Publicker v. Shallcross
Decision Date | 06 October 1939 |
Docket Number | No. 7028.,7028. |
Citation | 106 F.2d 949 |
Parties | PUBLICKER v. SHALLCROSS et al. |
Court | U.S. Court of Appeals — Third Circuit |
Harry Shapiro, of Philadelphia, Pa., for appellant.
Morris Wolf and Edward A. G. Porter, both of Philadelphia, Pa. (Wolf, Block, Schorr & Solis-Cohen and Saul, Ewing, Remick & Saul, all of Philadelphia, Pa., of counsel), for appellees.
Before BIGGS, MARIS, and CLARK, Circuit Judges.
The first time this case came before us, counsel for appellant-respondent demurred to and so technically admitted the truth of the facts alleged by petitioner-appellees. We understood that he did so purely for the purpose of testing the law. We felt that the cause might be more justly decided if all the facts were known, and remanded it to the District Court with direction to file an answer and proceed to hearing on the merits, Publicker v. Shallcross, 3 Cir., 103 F.2d 596, 597. Appellant's new counsel evidently did not share our feeling. His answer again in substance admits the crucial averments of the petition (by the device of styling them as immaterial and not requiring an answer). See Rules of Civil Procedure for the District Courts of the United States, Rule 8 (d), 28 U.S.C.A. following section 723c. No further facts are added. Thanks to this cooperative gesture on the part of counsel, we are now back where we started — testing a pure question of law.
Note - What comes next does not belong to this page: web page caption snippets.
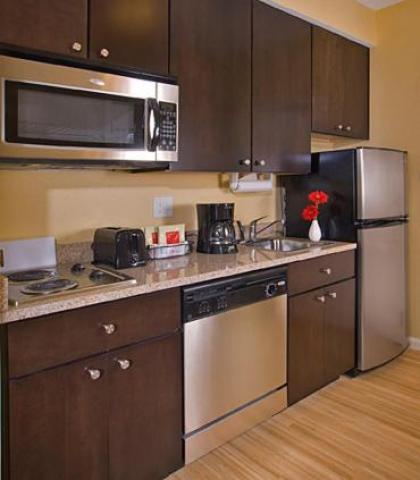 TownePlace Suites by Marriott Gillette - image 13
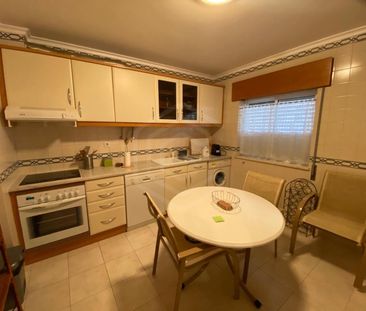 Apartamento T1 em Faro - Photo 2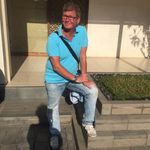 Michael Winkelmann - @winkelmann790 - Instagram
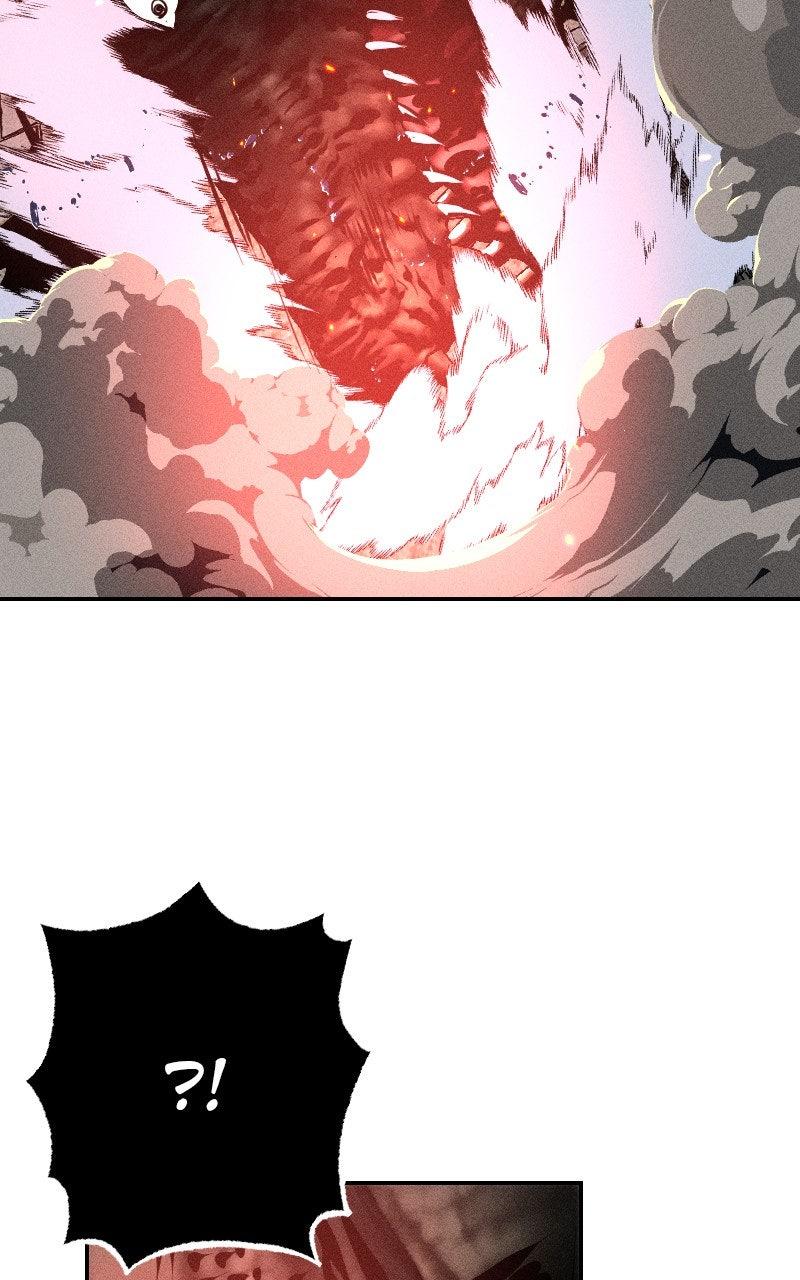 Chapter 23 - Image 33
Appellant's position seems to be that, in his circumstance, wickedness, as well as virtue, is its own reward. He, as the petition states, fraudulently induced the appellees (the receiver for the defunct Philadelphia Company for Guaranteeing Mortgagees), two skeptical bondholders, a special master, and the learned district court itself, to believe that his total assets were $8,500. On that basis he compromised an $850,000 claim of the receivers against him for one cent on the dollar. In truth, however, he had assets worth $230,000. Nevertheless, he is convinced that the order authorizing the compromise cannot be vacated after a lapse of two years, simply because he perjuriously concealed his true financial condition at a hearing before the master to whom the matter of authorizing the compromise was referred.
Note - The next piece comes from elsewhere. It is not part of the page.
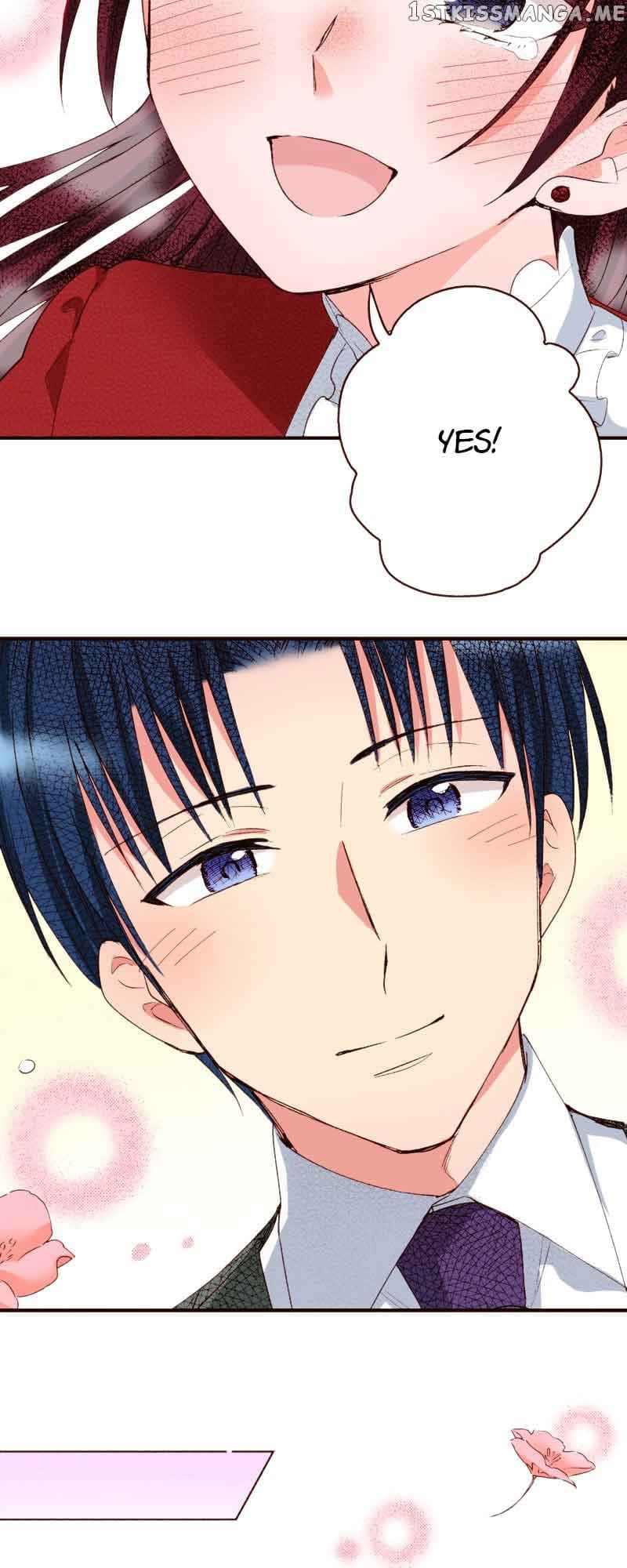 Page https://readmanhwaverse.com/images/reborn-into-a-world-of-yanderes/chapter-87/25.jpg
All concerned exhibit, we think, some confusion as to the exact ground for this, to those not initiated in the mysteries of the law, somewhat startling proposition. They talk in the same breath of the rule in United States v. Throckmorton, 98 U. S. 61, 25 L.Ed. 93, and in Delaware, L. & W. R. Co. v. Rellstab, 276 U.S. 1, 48 S. Ct. 203, 72 L.Ed. 439, whereas the ratio decidendi of the two lines of decisions is entirely distinct, the only similarity lying in the coincidence of perjury. The class of cases represented by the latter adjudication depend upon the technical lack of legal power of courts after the expiration of their own technical time divisions, In re Metropolitan Trust Co., 218 U.S. 312, 31 S.Ct. 18, 54 L.Ed. 1051; Sibbald v. United States, 12 Pet. 488, 9 L.Ed. 1167; Bronson v. Schulten, 104 U.S. 410, 415, 26 L.Ed. 797; Phillips v. Negley, 117 U.S. 665, 674, 6 S.Ct. 901, 29 L.Ed. 1013; 34 C.J. 210-219. The rule in United States v. Throckmorton, above cited, on the other hand, acknowledges the power to act beyond the term (under its facts, 60 terms had gone by) but gives other reasons with which we happen to disagree — but still reasons why such power should not be exercised. Here, as in United States v. Throckmorton, above cited, there is no suggestion of a legal remedy. On the contrary, the relief is, and had to be, asked for by petition on the equity side of the court. The appellant-respondent himself seems to realize this because his brief indicates his principal reliance on United States v. Throckmorton, above cited.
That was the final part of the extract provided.